Each record that follows should be repeated exactly, minus any images.

**** Data for analysis ****

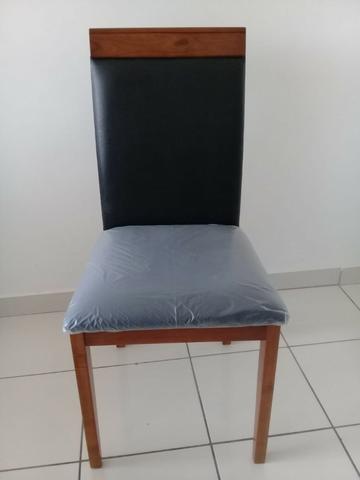 Cadeiras em madeira maciça. Entregamos com higiene e segurança - Foto 3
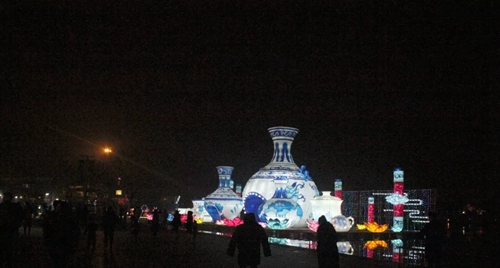元宵佳节闹花灯 璀璨夜景绿博园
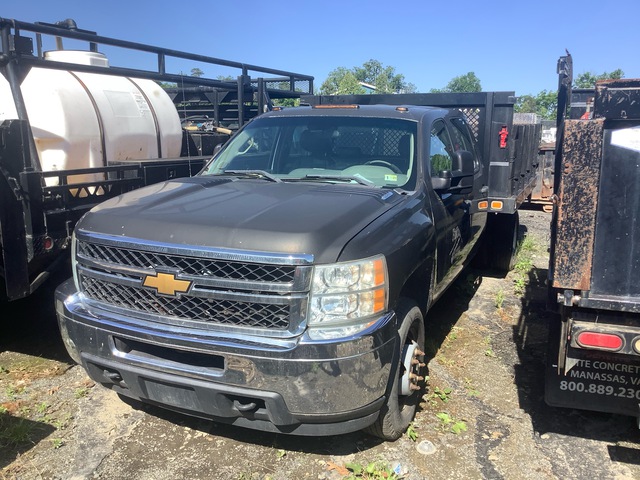 2012 Chevrolet Silverado 3500HD 4x2 Extended Cab Flatbed Truck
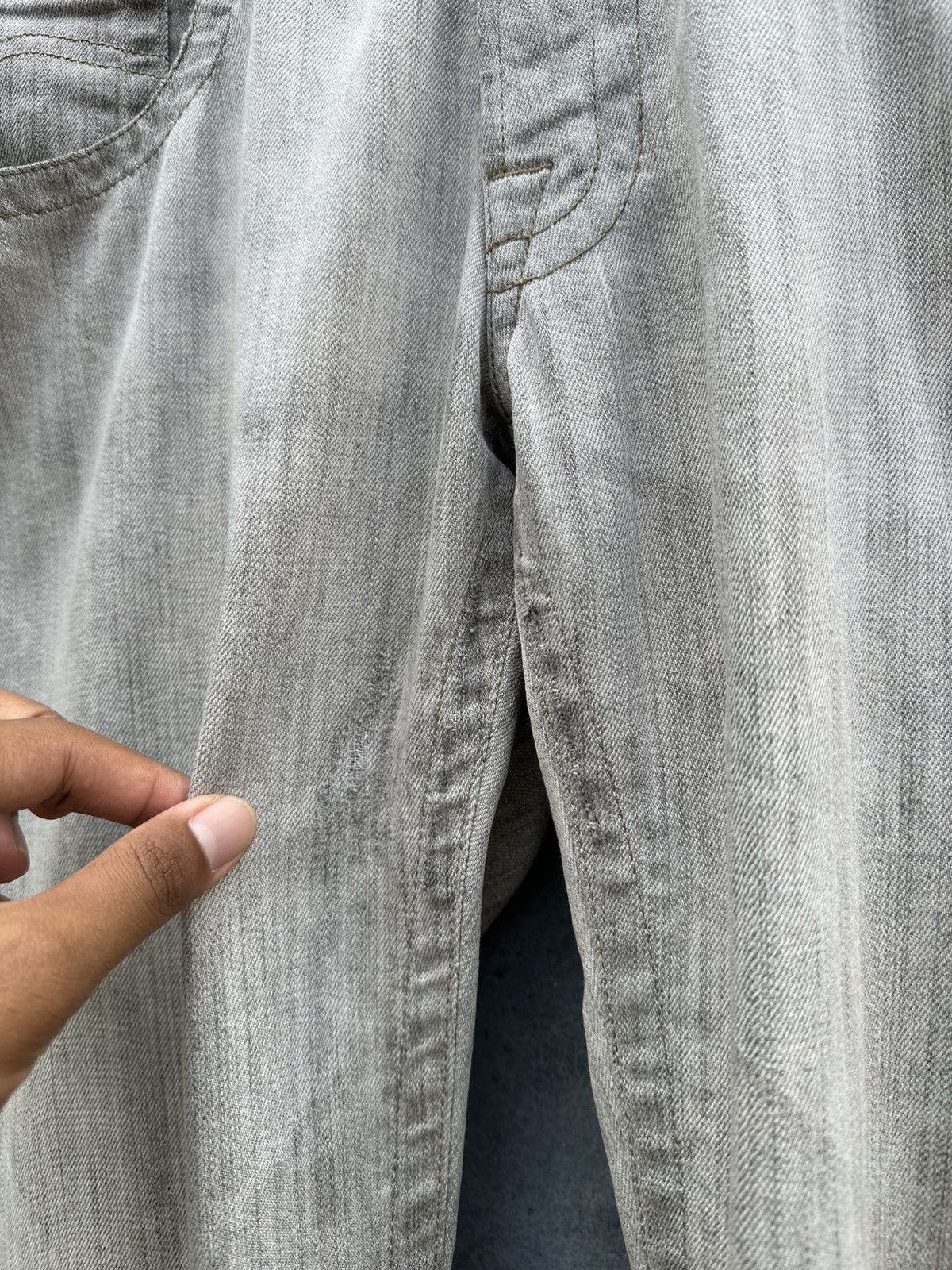 Emporio Armani 👹Vintage THRASHED Emporio Armani Baggy Flare Jeans Size US 33 - 15 Thumbnail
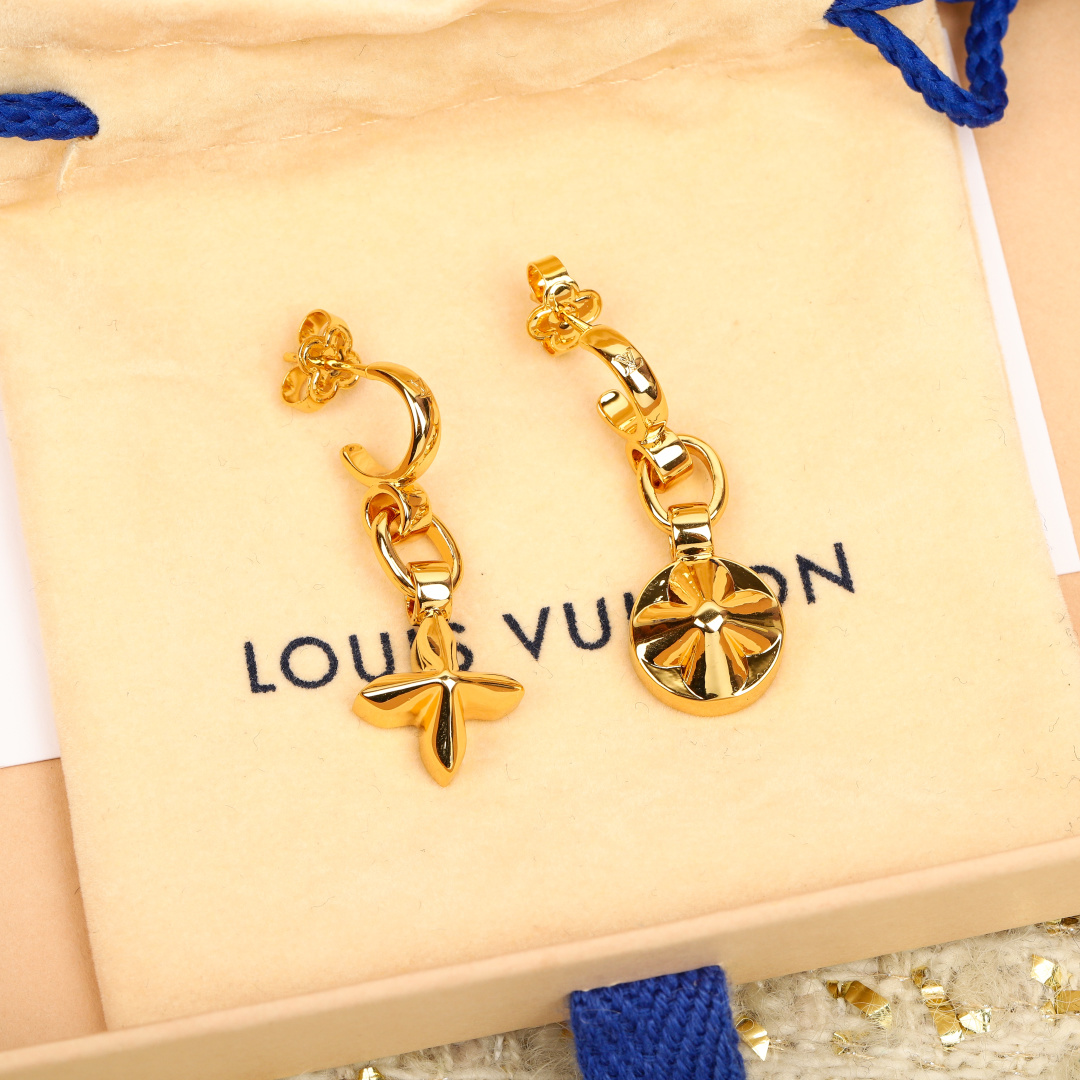 Louis Vuitton four leaf clover earrings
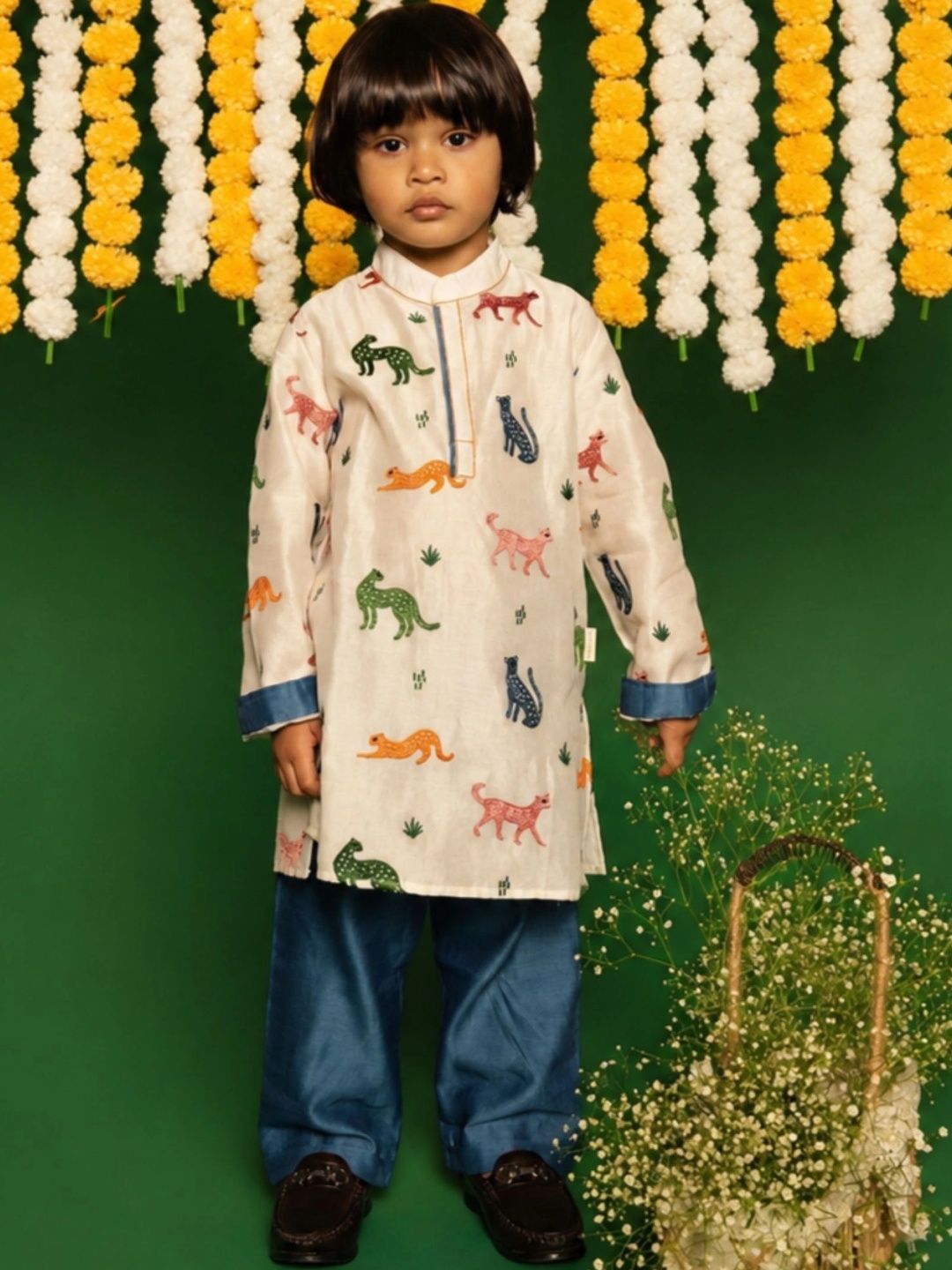 DULAAR Unisex Kids Ethnic Motifs Embroidered Regular Thread Work Pure Silk Kurta with Pyjamas-picture-34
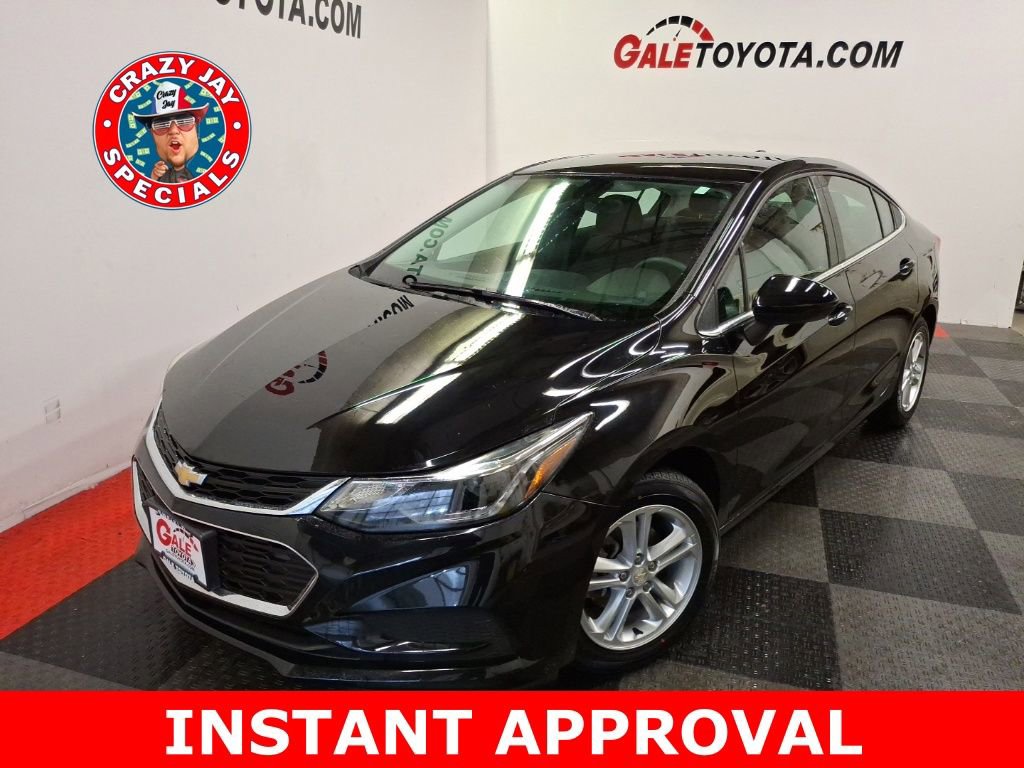 Used 2017 Chevrolet Cruze LT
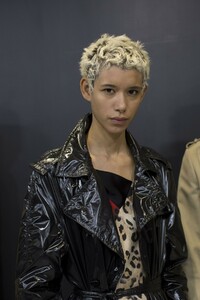 backstage-defile-neil-barrett-automne-hiver-2019-2020-milan-coulisses-83.thumb.jpg.79b561f4ce8099ff90e47c93ee82dcda.jpg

****

## Result of this task:
 Cadeiras em madeira maciça. Entregamos com higiene e segurança - Foto 3
元宵佳节闹花灯 璀璨夜景绿博园
 2012 Chevrolet Silverado 3500HD 4x2 Extended Cab Flatbed Truck
 Emporio Armani 👹Vintage THRASHED Emporio Armani Baggy Flare Jeans Size US 33 - 15 Thumbnail
 Louis Vuitton four leaf clover earrings
 DULAAR Unisex Kids Ethnic Motifs Embroidered Regular Thread Work Pure Silk Kurta with Pyjamas-picture-34
 Used 2017 Chevrolet Cruze LT
 backstage-defile-neil-barrett-automne-hiver-2019-2020-milan-coulisses-83.thumb.jpg.79b561f4ce8099ff90e47c93ee82dcda.jpg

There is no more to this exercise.